Roman - 1. prologue
PROLOGUE
Mon nom est Arpège. Je suis un vieux
mage grisonnant, le genre de mage que l’on imagine aisément, pas costaud pour
deux sous, emmitouflé, été comme hiver, d’une grosse robe sombre, qui parcourt
le monde avec un bâton presque aussi vieux que moi... et je ne sais même pas
l’âge que j’ai... je suis un mage, en accord parfait avec la magie qui anime la
moindre parcelle de mon être, à tel point que je n’ai plus de baguette depuis
bien longtemps... Et si je prends ma plume aujourd’hui, comme un poète que je
ne suis pas, c’est que je suis le seul, je pense, maintenant, à pouvoir
raconter cette histoire...Cette histoire est une histoire terrible, et vous
devrez avoir beaucoup de sang-froid pour en supporter tous les épisodes, aussi
effroyables soient-ils... Je ne sais, au juste, pourquoi j’ai attendu si
longtemps avant de l’écrire... sans doute la peur de revivre tout ceci a-t-elle
freiné mon projet.
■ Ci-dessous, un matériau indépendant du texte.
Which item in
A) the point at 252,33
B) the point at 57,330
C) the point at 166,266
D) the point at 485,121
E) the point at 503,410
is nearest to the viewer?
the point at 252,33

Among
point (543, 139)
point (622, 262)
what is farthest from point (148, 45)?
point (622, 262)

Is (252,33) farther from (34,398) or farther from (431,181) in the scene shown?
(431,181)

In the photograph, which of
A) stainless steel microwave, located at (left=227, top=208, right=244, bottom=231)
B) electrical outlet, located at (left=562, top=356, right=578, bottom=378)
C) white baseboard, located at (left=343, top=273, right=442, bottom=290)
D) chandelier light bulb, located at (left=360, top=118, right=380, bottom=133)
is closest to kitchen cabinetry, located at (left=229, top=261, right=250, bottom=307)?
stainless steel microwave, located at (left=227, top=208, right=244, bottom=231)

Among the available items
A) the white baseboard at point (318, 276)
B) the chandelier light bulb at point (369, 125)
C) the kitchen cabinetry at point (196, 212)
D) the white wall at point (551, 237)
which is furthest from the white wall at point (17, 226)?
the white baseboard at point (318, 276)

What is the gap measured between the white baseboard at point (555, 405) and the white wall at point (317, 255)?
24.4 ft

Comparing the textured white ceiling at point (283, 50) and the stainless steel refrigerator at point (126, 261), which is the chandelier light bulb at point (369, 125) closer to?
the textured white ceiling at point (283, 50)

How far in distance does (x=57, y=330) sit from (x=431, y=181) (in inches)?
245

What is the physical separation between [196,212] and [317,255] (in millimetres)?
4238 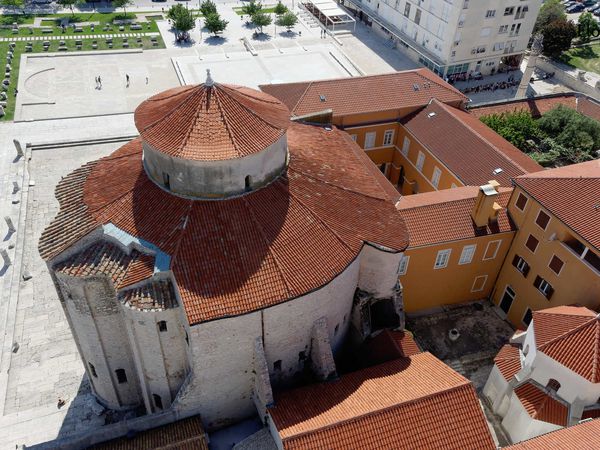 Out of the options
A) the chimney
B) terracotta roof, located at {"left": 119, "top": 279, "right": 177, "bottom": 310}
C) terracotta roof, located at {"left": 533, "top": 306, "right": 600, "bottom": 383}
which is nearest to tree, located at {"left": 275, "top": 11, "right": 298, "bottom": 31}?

Car j’ai toujours su qu’un jour, il faudrait que je m’y
mette. C’était en moi comme une évidence, et pourtant j’ai lutté, lutté,
lutté... J’ai lutté si longtemps... j’avais toujours plein d’autres choses à
faire... cueillir des plantes pour mes potions... Relire le passage d’un
enchantement... Mais cela hurlait en moi, cela hurle toujours... j’entends cette
voix, si familière, maintenant, cette voix comme une seconde voix qui me parle
constamment, et qui me dit, Arpège, Arpège, ton destin n’est pas terminé, tu as
accompli beaucoup de choses, c’est vrai, mais il te reste encore cette dernière
chose à accomplir, que toi seul peux accomplir... au crépuscule de mes jours,
alors que ma barbe blanche tremble contre mes genoux, et que ma vie, fatiguée,
insipide, s’est déroulée comme une douce rivière apaisée après la tempête...
Réussirai-je à rendre compte de toute cette aventure, sans que cela ne soit
tronqué par ma mémoire si pleine des jours qui se sont empilés au-dessus des
plus anciens, des plus précieux, les recouvrant d’une poussière qui comme un
masque me protège de mon passé? C’est si loin, maintenant... Si loin... Mais je
suis ce que je suis, et je peux constater encore aujourd’hui que mon
merveilleux don ne m’a pas abandonné... Il retrace devant mes yeux les jours
anciens, si anciens, et tout me revient avec une limpidité enivrante... Je
prends ma plume, et les phrases viennent en moi comme une douce mélodie, les
mots se culbutent un peu dans mon esprit mais l’essence, elle, est bien là,
elle s’évapore dans l’air comme un parfum familier... elle m’entoure, me
caresse, me berce... Je ferme les yeux, le silence de ma petite chambre pèse
sur moi comme une chaude couverture... Et tout me revient par magie... Je me
souviens de tout...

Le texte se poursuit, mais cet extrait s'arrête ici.